Анастасия Яковлевна проработала большую часть своей жизни библиотекарем сначала в городской библиотеке, а теперь, попав под сокращение бюжета, в музыкальной библиотеке, доживавшей последние свои, быть может, месяцы.

Страна, где проживали супруги Венцебросовы, называлась Супостания. Они проживали в ее столице Сумасбродинске и любили этот город. Тополя, потрескавшиеся тротуары, окна старых домов – всё это составляло для них понятие родных пенатов, и Дмитрий Максимович, будучи писателем, неразрывно слился с этим городом, этим небом, наполняемым грозами, с этими листьями осенних непогодий, пересечением крестообразных рам, так напоминающих тонкостенные трубочки судеб.

Однако Дмитрий Максимович не мог более мириться с явной «пошлостью», которая повсеместно стала зависать над его любимым Сумасбродинском.

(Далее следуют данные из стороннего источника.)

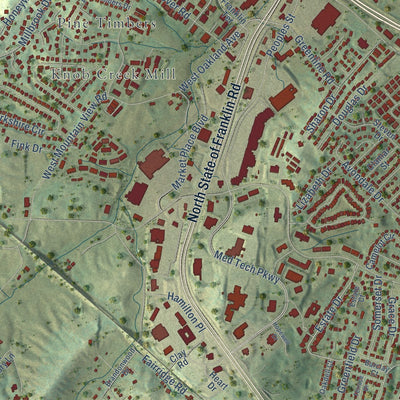 Close-up of the map of Boone, Tennessee print showing street and building detail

Трудно было объяснить, что изменилось в этой стране, но она больше не была его старой знакомой Супостанией. Изменился сам воздух, которым дышал Дмитрий Максимович, и он, как душевный астматик, нуждался в перемене местожительства буквально по медицинским показаниям.

Анастасия Яковлевна таких чувств не испытывала, однако не перечила Дмитрию Максимовичу.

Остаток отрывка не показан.